CYBER LIABILITY: DATA IN DANGER
Understanding where cyber criminals are hitting the hardest and how to protect your clients
By Michael Barnett
The internet has given us the power to stay connected to each other, to become productive wherever we are as long as we have our devices, and has allowed for streamlined workflows to ease our day. But with all of the positives come the negatives. The downside of being so connected all the time, and having data at our fingertips, is that cyber criminals can find a way to have our data at their fingertips if they choose. When it comes to businesses, where there is highly sensitive data to find and money to be made, it’s no surprise why cyber criminals endlessly try to gain access to their systems.
We are seeing an increase in submission requests for cyber coverage, subsequent to the rise in global cyberattacks.
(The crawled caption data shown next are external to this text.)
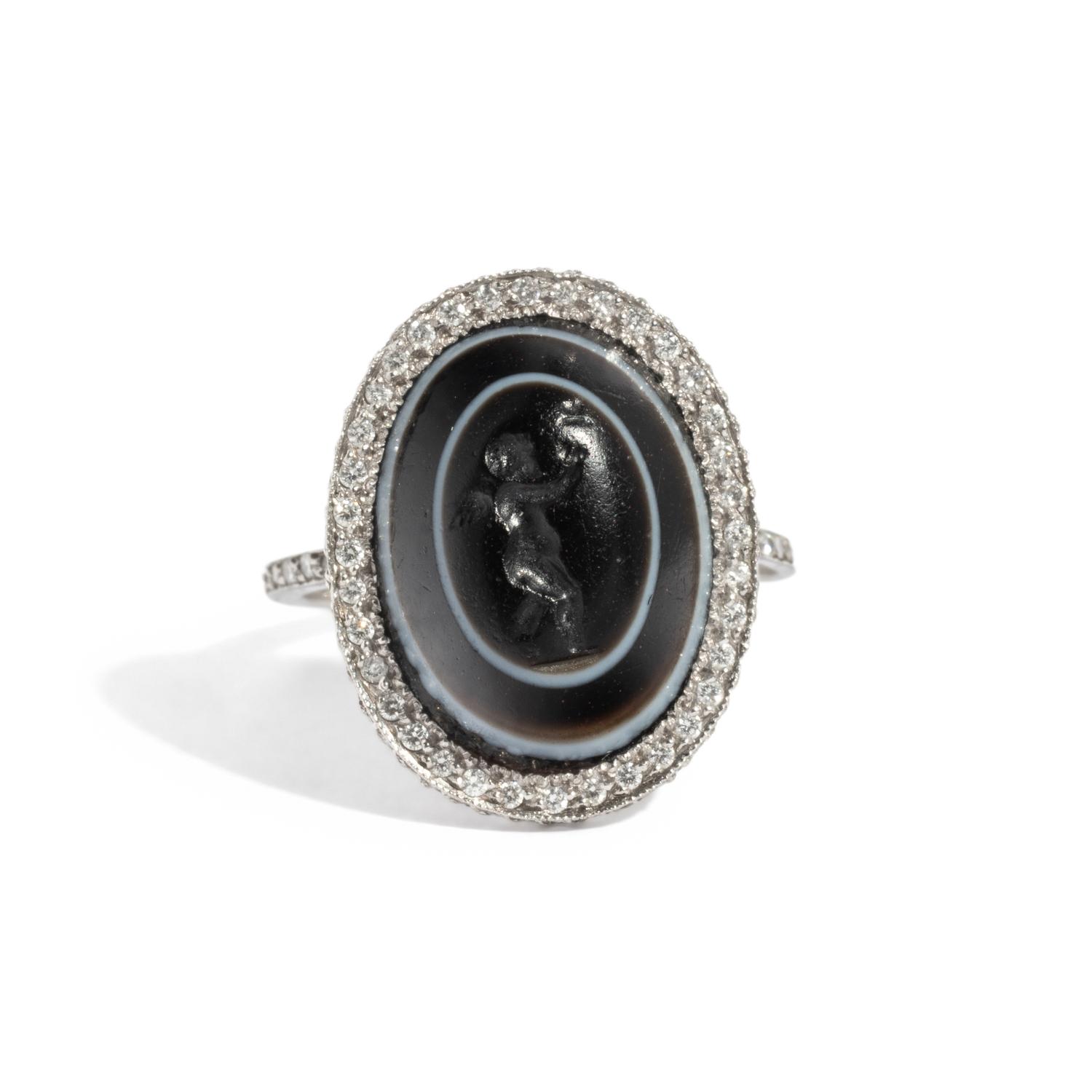 A Roman Banded Agate Ring Stone with the Infant Eros Holding a Butterfly — Set in a silver ring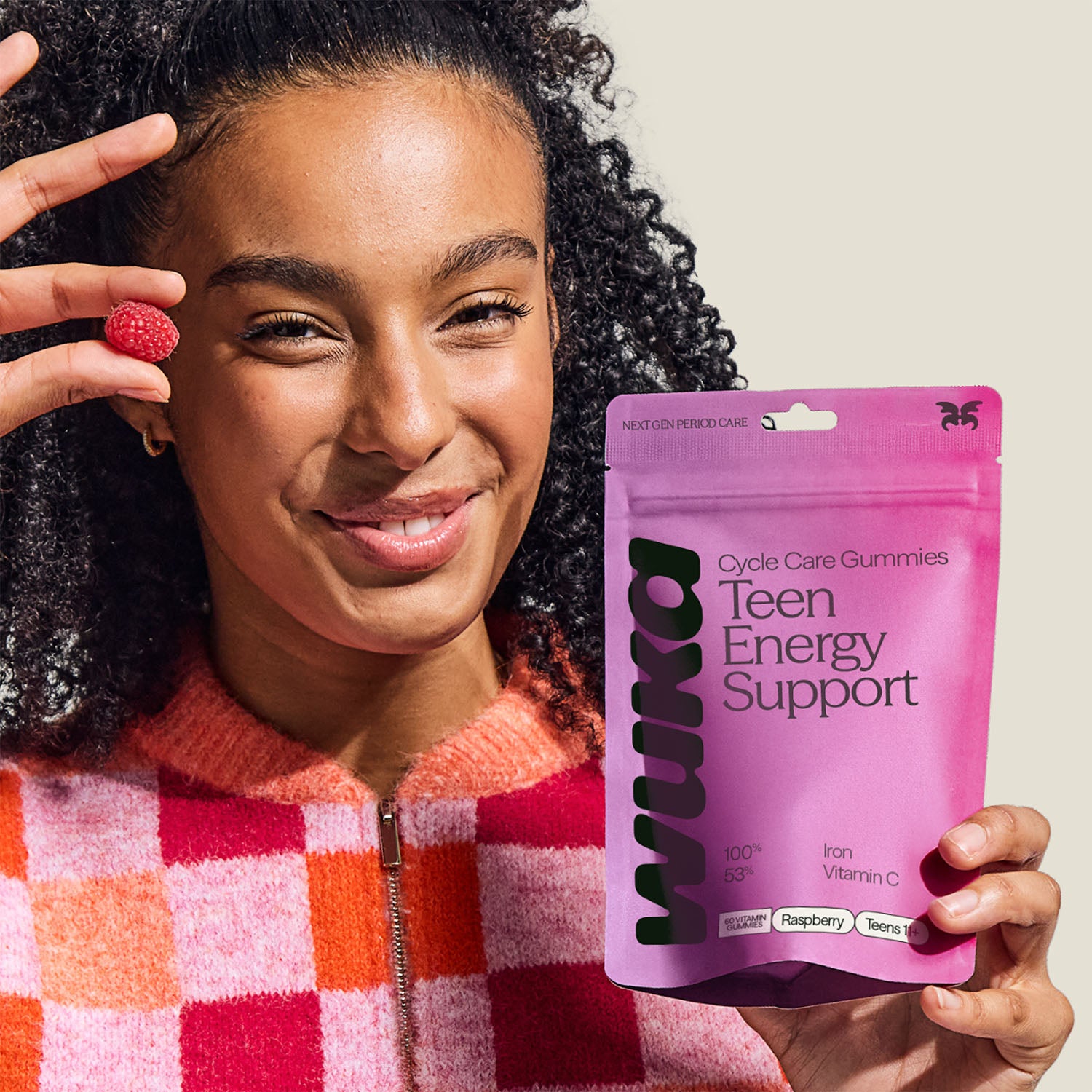 Smiling teen girl holding WUKA Teen Iron Support Gummies in raspberry flavour – vegan vitamin supplement to boost energy and reduce fatigue.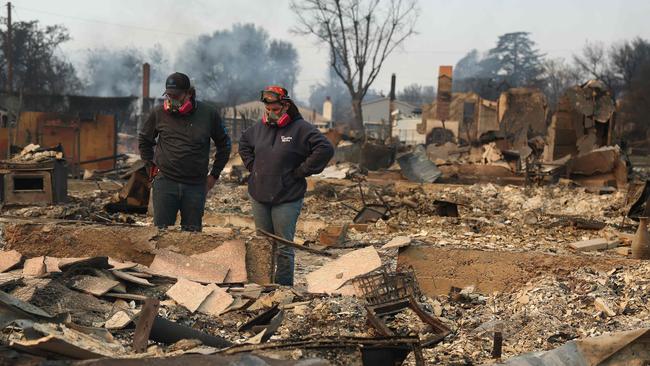 Khaled Fouad and Mimi Laine inspect a family member's property that was destroyed by Eaton Fire at Altadena, California. Pictures: Getty Images via AFP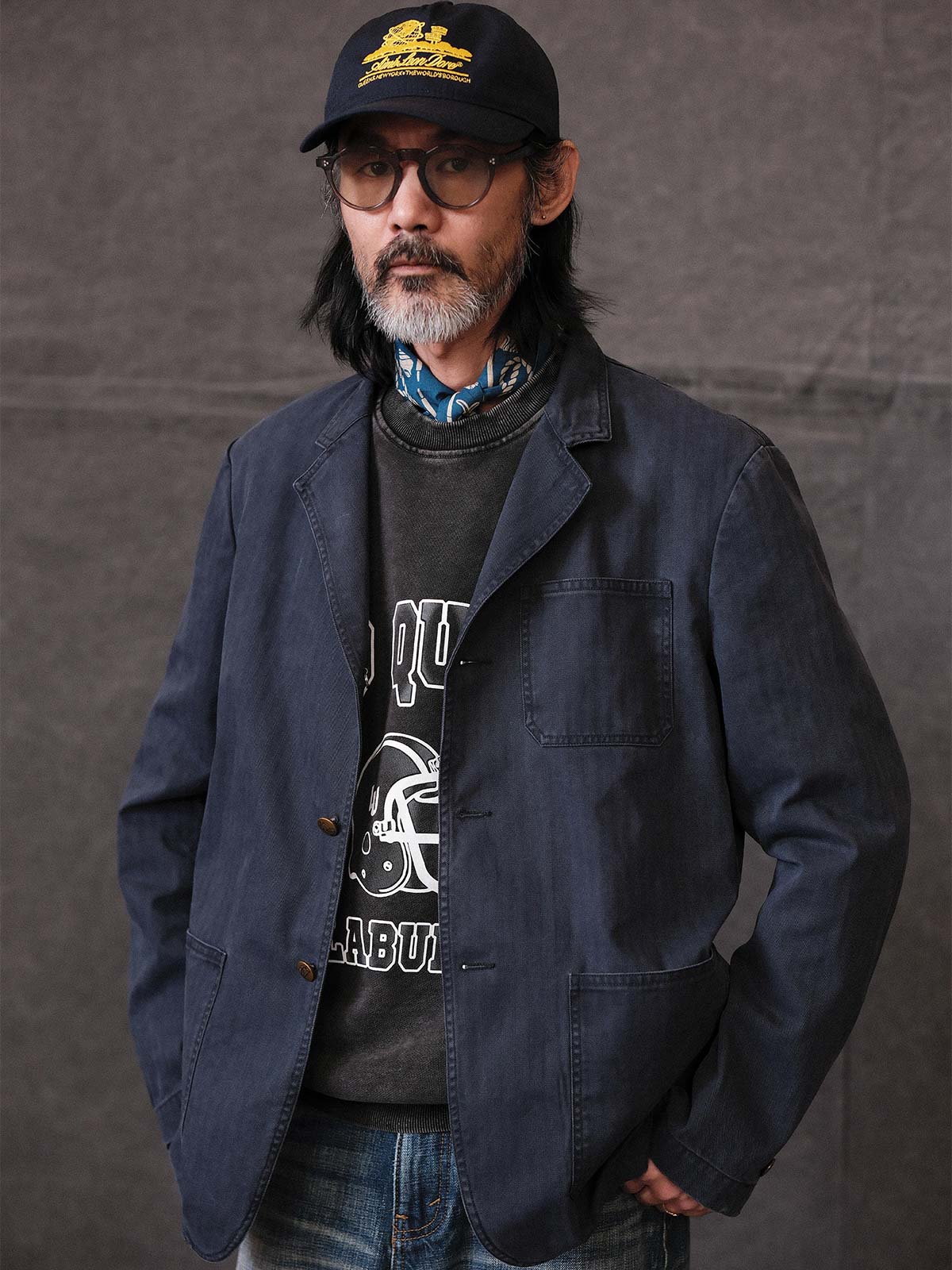 詳細画像: ウォッシュ加工されたヘリンボーン柄の生地とヴィンテージメタルボタンのディテール
モデル画像: ゆるやかなフィットでスタイリッシュなヴィンテージウォッシュジャケットの着用イメージ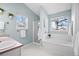 Bright main bathroom featuring dual sinks, a soaking tub, and a separate glass shower at 5133 S Liverpool Way, Centennial, CO 80015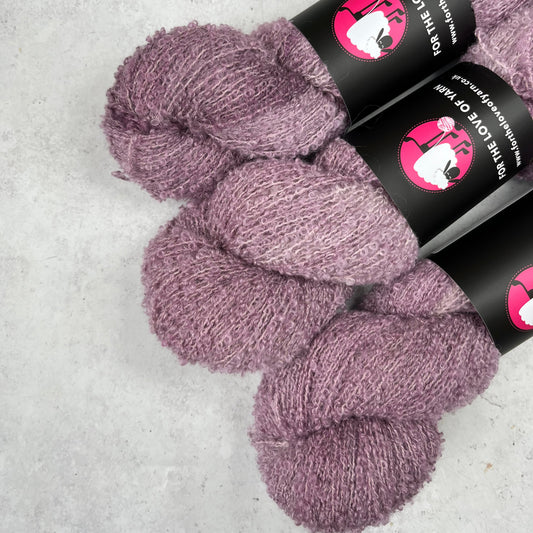 Three skeins of purple yarn with black labels on a light gray background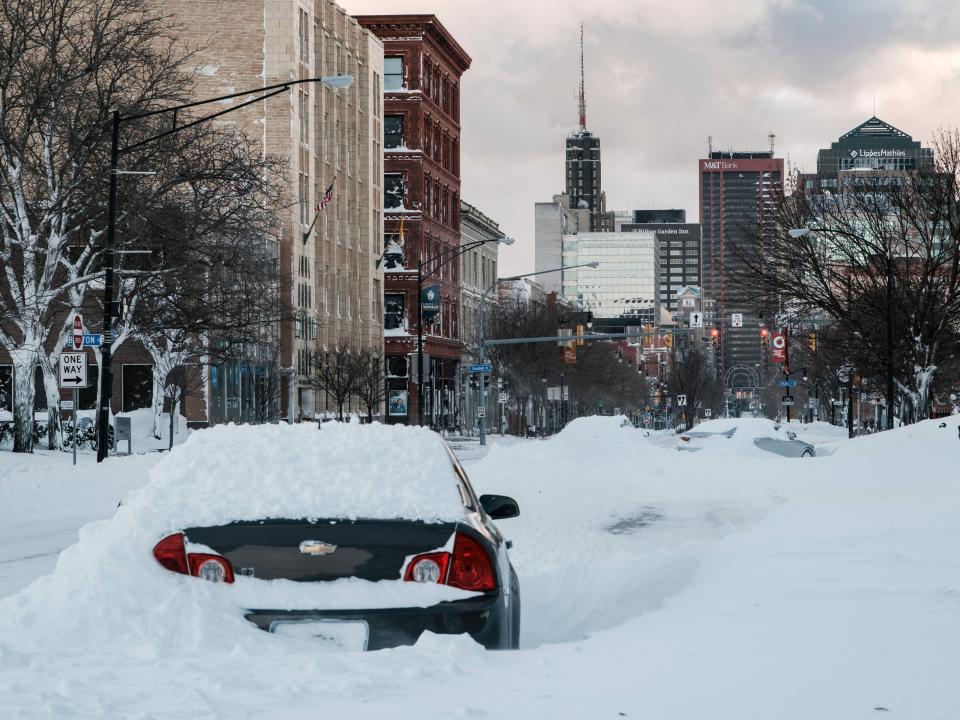 An abandoned vehicle is left under heavy snow along a street in Buffalo, New York, on December 25, 2022.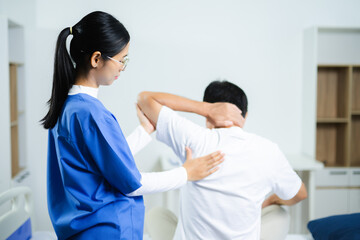 Fototapeta premium Nurse provides back massage to senior patient in clinic. Perfect for physiotherapy, rehabilitation, aging care, wellness, pain relief, and professional healthcare themes.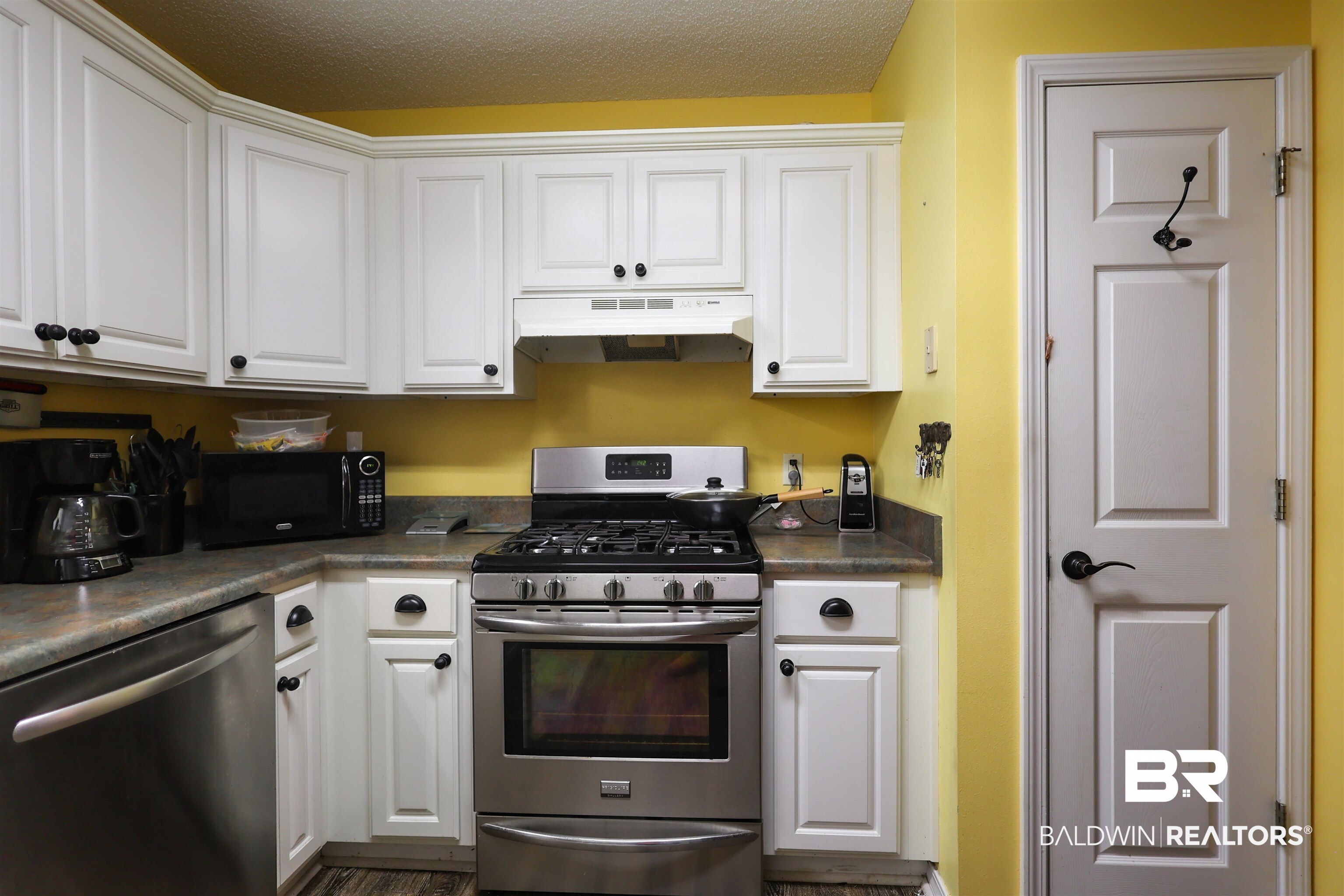 7790 Audubon Drive Foley, AL 36535 - Photo 9 of 39 Corner kitchen featuring white cabinetry with black hardware, stainless steel gas range, and a white range hood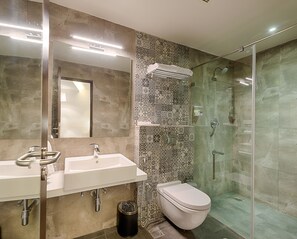 Een moderne badkamer met een douchecabine van glas, een wastafel met dubbele wastafel en een toilet.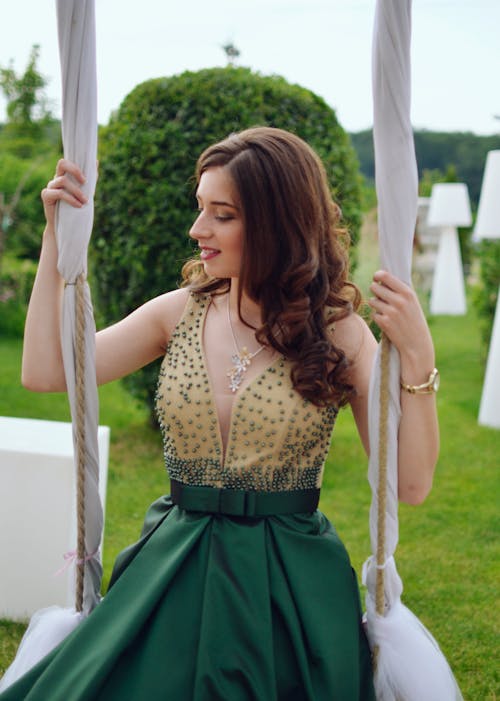 Woman Riding on Swing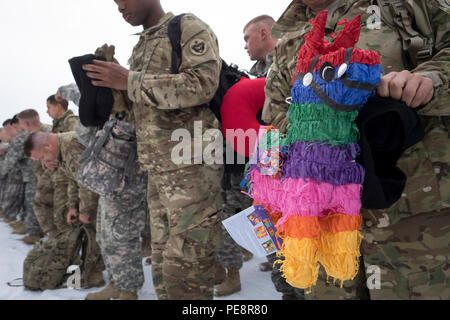 Ein Soldat der 98. Wartung Unternehmen zugewiesen, 17. Bekämpfung der Erhaltung Unterstützung Bataillon, U.S. Army Alaska, hält ein Geschenk für seine Familie vor einer Umschichtung Zeremonie Soldaten mit ihren Familien in den Buckner körperliche Fitness Center, Mittwoch, November 4, 2015, auf einer gemeinsamen Basis Elmendorf-Richardson, Alaska zu vereinen. Die "Wolverines" Südwesten Asien für neun Monate eingesetzt zur Unterstützung der Operation inhärenten lösen kann, und der Operation Enduring Freedom in Afghanistan. (U.S. Air Force Foto/Justin Connaher) Stockfoto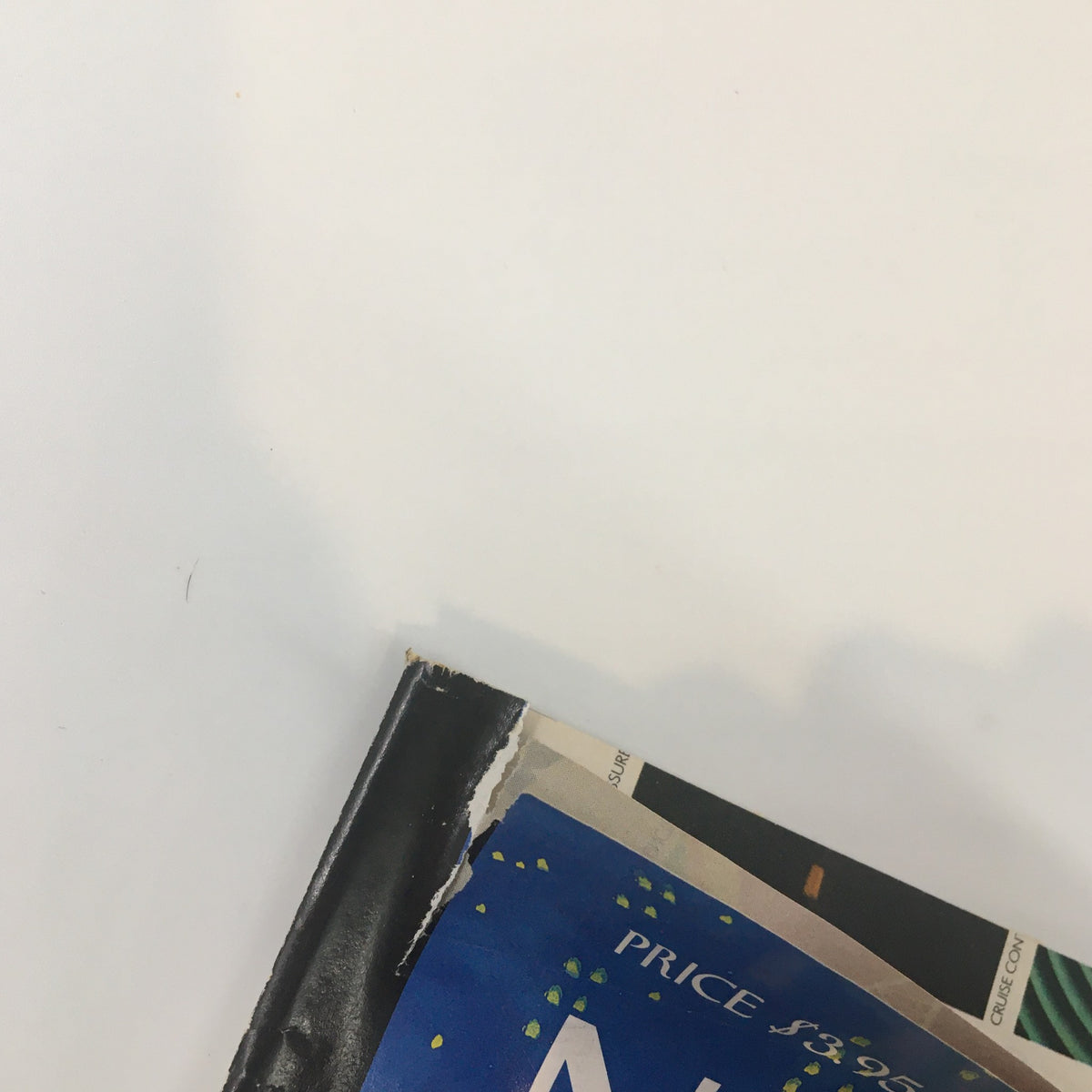 Close-up of the top edge of The New Yorker Full Magazine October 10 2005, showing minor wear including a small rip.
Last year, many businesses went digital if they hadn’t already done so, putting themselves and their clients’ data at higher risk in the process.
The downside of being so connected all the time, and having data at our fingertips, is that cyber criminals can find a way to have our data at their fingertips if they choose.
As data increasingly continues to transition from a paper medium to electronic, so does the appeal of data theft by cyber criminals. In society’s search for efficiency, an increased amount of our private information is uploaded and saved to the internet. It is necessary that insureds holding such information for their clients should consider a cyber layer of coverage in the event of a data breach and theft.
Cybercrime on the rise
Many factors were at play when the pandemic started, making it easier for cyber criminals to prey on those vulnerable businesses. So it doesn’t come as a surprise that we’ve seen a 600% increase in the number of cyber- attacks since the COVID-19 pandemic started, according to statistics shared by PurpleSec, a cybersecurity content provider.
As government-mandated shutdowns started across the globe due to COVID-19, businesses were forced to close or transition their in-person operations to a cyber business. Brands that had never been digital before became digital, and employees from all areas who had never worked from home previously were now doing so. There were more connected devices in use and more data saved and shared in the cloud from these devices. These businesses and unprotected devices were vulnerable and became immediate targets for cyber criminals.
If these newly digital businesses didn’t make their insurance provider aware of any changes, those changes may not have been covered under their current cyber policy. Therefore, they wouldn’t be protected financially if they did fall victim to a cyber- attack. According to a recent IBM and Ponemon Institute study, the average cost of a data breach today is about $3,860,000.
Sensitive data holders at highest risk
Businesses that tend to hold highly sensitive client data—home healthcare agencies, non-emergency medical transportation, outpatient medical offices, and specifically daycares—are at the highest risk for cyber threats. In the future, we can expect that most clients outside of these industries will be at high risk for threats, as Cyber Ventures, a researching firm for the global cyber economy, predicts that 50% of the world’s data will be stored in the cloud by 2025.
Any risk focused on children, especially, carries an increased level of sensitivity to the protection and care of those operations and accounts. In the past, many daycares would utilize non-internet-based methods of conducting business, typically in the form of flyer and paper advertisements, sign-in and sign-out sheets, phone calls, paper records, and payment drop boxes.
Those mediums are quickly being replaced by computerized filings for permissions and medical records, websites for business information, social media groups for current events, smart phone applications, and other electronic programs for tuition payments. These data bases are ripe for target by cyber criminals.
Further, many businesses also have security systems, which save video recordings on- and off-site, and can be accessed by authorized users via smart phone. In relation to daycares, some systems allow parents to access live video monitoring of their children. Even employees can be required to use key cards and/or fingerprint scans for building access.
The chances for a cyberattack become greater as more people are allowed access to data. All of the saved data, biometrics, and medical information required to safely and efficiently utilize these systems in the conduction of business should be protected by the insured for this reason.
Cyber liability is vital
Brokers and agents should be mindful that many businesses, even outside of the typical cyber industries, are rapidly increasing their use of computerized data, much of which is accessible through internet-based systems. Cyber coverage is vital for your clients because it can fill gaps in coverage left unaddressed by standard general liability coverage forms.
As business operations continue to expand into the cyber arena, so will the need and desire to pursue cyber liability programs designed to protect in the event of an unexpected loss.
Michael Barnett is a proud U.S. Air Force brat, born in South Korea and raised on Keesler Air Force Base in Biloxi, Mississippi. He graduated from Southeastern Louisiana University with a degree in Economics and Business Management and has been in the insurance industry for the past 14 years. He resides in Mandeville, Louisiana, with his wife and two sons.